(Supplied records begins)

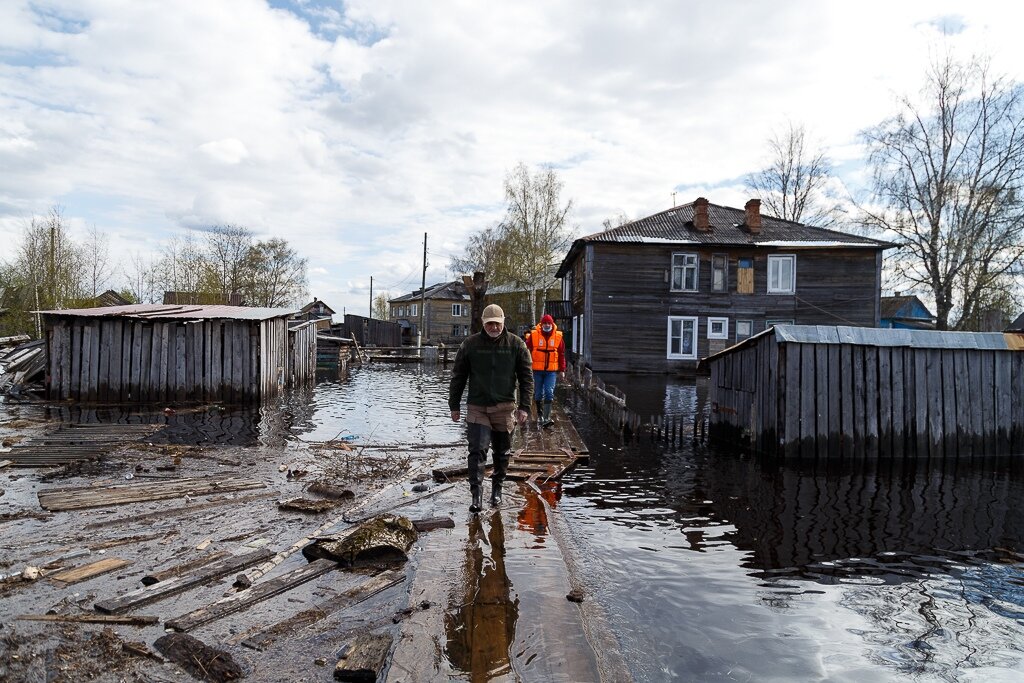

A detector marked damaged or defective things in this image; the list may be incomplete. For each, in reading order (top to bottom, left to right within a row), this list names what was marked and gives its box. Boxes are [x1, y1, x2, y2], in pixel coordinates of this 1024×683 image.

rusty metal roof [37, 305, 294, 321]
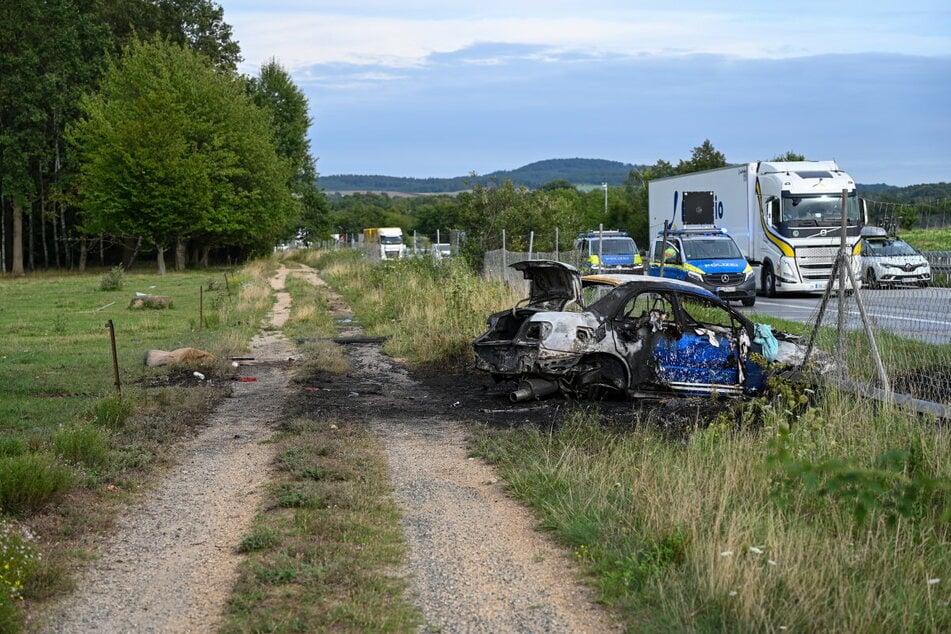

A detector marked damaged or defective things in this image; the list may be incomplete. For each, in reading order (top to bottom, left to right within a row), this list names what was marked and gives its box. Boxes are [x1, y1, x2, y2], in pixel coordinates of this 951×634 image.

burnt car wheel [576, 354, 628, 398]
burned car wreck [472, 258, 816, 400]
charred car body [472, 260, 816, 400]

(Supplied records ends)

*Instructions to follow*
Only the text of the entries belongs in the answer, copied exactly; the pictures stay out.

*Task response*
A detector marked damaged or defective things in this image; the list may be incomplete. For each, in reading order (top to bottom, left to right within a row), this list names what was marked and gives its box. Boxes are [x1, y1, x2, y2], in pixel coordinates of this 1024×683 image.

rusty metal roof [37, 305, 294, 321]

A detector marked damaged or defective things in this image; the list may be incomplete. For each, in reading order (top to bottom, left to right within a row), this list names what was marked and gives its box. Boxes are [x1, y1, x2, y2], in pixel coordinates of this 951×634 image.

burnt car wheel [576, 354, 628, 398]
burned car wreck [472, 258, 816, 400]
charred car body [472, 260, 816, 400]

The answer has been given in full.